**Requirement:** Write out again only the lines between the one with "Used 2017 Chrysler" and the end of the records below, both ends counted, and don't include the pictures.

[Supplied records Boundary: Start]

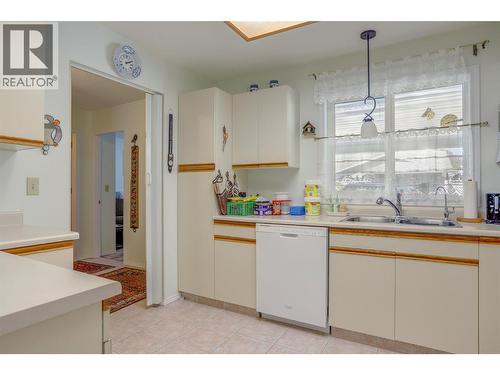 3900 27 Avenue Unit# 19, Vernon, BC - Indoor Photo Showing Kitchen With Double Sink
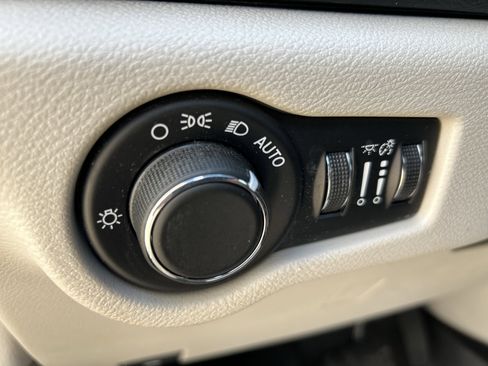 Used 2017 Chrysler Pacifica Touring w/ Tire & Wheel Group image 12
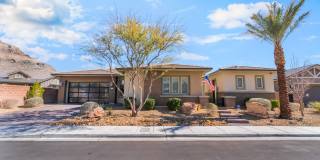 Luxury Single-Story Retreat with Casita  Views! Gallery 1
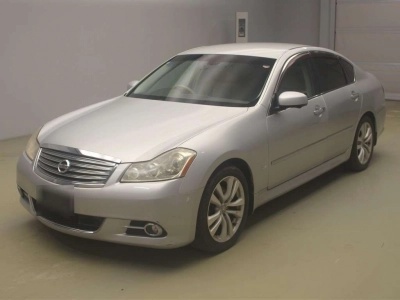 NISSAN FUGA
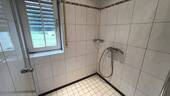 Dusche mit Fenster - Etagenwohnung mit 62,60 m&sup2; in Waldshut-Tiengen zur Miete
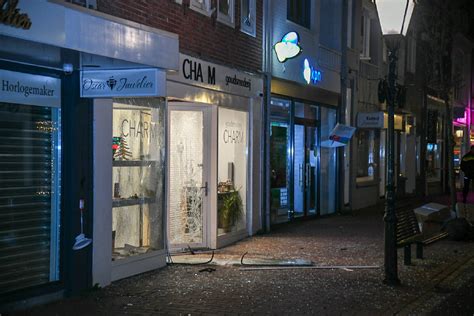 Ravage Na Plofkraak Bij Juwelier Charm In Bussum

[Supplied records Boundary: End]

**Answer box:**
 Used 2017 Chrysler Pacifica Touring w/ Tire & Wheel Group image 12
 Luxury Single-Story Retreat with Casita  Views! Gallery 1
 NISSAN FUGA
 Dusche mit Fenster - Etagenwohnung mit 62,60 m&sup2; in Waldshut-Tiengen zur Miete
 Ravage Na Plofkraak Bij Juwelier Charm In Bussum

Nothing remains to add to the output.